Experts say leave the July 4 celebrations to the pros

FRIDAY, July 4 (HealthDay News) -- Fireworks can be breathtaking spectacles, creating glittering showers of sparks and earth-rumbling booms that thrill people for miles around.

Backyard fireworks can produce their own thrills, but mainly for young boys who love to blow stuff up. And therein lies the danger.

"The natural predisposition for kids is to make the biggest bang in the most cleverly engineered ways possible," said Dr. Tim Stout, an ophthalmologist with Oregon Health & Science University Hospital in Portland. "They try to set up big explosions, and those are the kinds that can cause serious injury."

The truth is, experts say, fireworks are only truly safe when someone else -- preferably a trained professional miles from you -- is setting them off.

Fireworks caused an estimated 9,200 injuries that required treatment in U.S. hospital emergency rooms in 2006, according to the U.S. Consumer Product Safety Commission. Seven out of 10 of those injuries -- approximately 6,400 -- occurred during the one-month period surrounding the Fourth of July.

The damage isn't limited to life and limb, either. In 2004, fireworks started an estimated 1,600 structure fires and 600 vehicle fires, according to the National Fire Protection Association, resulting in 20 injuries and $21 million in direct property damage.

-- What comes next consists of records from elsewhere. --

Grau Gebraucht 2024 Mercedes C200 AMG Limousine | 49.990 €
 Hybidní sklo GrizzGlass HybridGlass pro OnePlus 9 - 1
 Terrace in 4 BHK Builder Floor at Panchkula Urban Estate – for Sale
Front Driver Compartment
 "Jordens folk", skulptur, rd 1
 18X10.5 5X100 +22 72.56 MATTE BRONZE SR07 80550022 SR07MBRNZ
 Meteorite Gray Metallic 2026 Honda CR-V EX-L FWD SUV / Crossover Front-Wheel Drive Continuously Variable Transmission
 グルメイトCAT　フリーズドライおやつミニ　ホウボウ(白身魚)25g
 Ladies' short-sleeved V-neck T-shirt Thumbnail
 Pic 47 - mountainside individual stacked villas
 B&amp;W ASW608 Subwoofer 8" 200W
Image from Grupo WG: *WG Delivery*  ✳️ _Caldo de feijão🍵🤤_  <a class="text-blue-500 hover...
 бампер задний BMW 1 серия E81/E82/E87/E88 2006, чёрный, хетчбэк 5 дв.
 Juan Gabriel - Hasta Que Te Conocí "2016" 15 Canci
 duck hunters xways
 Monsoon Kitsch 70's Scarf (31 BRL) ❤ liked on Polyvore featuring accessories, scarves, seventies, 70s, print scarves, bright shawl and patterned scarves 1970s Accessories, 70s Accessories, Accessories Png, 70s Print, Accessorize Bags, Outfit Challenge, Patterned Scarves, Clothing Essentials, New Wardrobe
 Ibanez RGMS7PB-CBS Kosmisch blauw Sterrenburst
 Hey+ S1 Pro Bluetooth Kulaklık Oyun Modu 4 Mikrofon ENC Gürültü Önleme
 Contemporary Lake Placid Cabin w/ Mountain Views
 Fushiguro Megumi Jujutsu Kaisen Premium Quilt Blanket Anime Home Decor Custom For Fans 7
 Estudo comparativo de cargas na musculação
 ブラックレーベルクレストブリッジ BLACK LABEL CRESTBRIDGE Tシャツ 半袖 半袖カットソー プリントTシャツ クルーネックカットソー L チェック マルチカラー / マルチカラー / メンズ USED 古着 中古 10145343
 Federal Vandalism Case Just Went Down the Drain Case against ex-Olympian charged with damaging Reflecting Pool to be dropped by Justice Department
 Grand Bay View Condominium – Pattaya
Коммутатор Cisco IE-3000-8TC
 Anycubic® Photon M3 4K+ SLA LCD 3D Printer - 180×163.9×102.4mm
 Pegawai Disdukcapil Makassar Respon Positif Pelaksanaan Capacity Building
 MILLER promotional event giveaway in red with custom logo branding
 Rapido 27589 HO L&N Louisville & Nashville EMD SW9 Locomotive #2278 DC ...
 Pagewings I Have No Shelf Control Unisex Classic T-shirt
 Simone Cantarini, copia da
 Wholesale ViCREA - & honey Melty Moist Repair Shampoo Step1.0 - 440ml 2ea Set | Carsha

Groups like Prevent Blindness America and the National Fire Protection Association take a hard line on fireworks, telling people there's no safe way to use them yourself.

"We believe the public should avoid the use of consumer fireworks and just enjoy public displays of fireworks performed by trained professionals," said Lorraine Carli, spokeswoman for the National Fire Protection Association.

The majority of fireworks-related injuries are caused by three of the most commonly used devices, Carli said. Small firecrackers, bottle rockets and sparklers lead to more than 70 percent of fireworks injuries in the United States each year.

"There are a number of consumer fireworks that people think are relatively safe, when they are not, like sparklers," Carli said.

Sparklers burn at 1,800 degrees Fahrenheit. In 2006, sparklers caused 1,000 injuries. For children under 5, they accounted for the largest number of estimated injuries, about one-third of all injuries for that age group, according to the Consumer Product Safety Commission.

When it comes to injuries, males are three times likelier to be victimized, a gender distinction that leaves doctors shaking their heads. "A big bang to young boys is a cool thing," Stout said. "I think that's probably pretty common. It's kind of human nature."

To prevent boys from being boys, Stout recommends that parents who buy fireworks securely lock away any leftovers -- or better yet use them all up.

"The worst injuries we see are people who have a bunch of firecrackers left over, and kids get into them," he said. "Anything can be combined together and cause a bottle to explode, or some other sort of explosion. Just use them up."

Hands are the part of the body most often injured by fireworks, followed by the eyes.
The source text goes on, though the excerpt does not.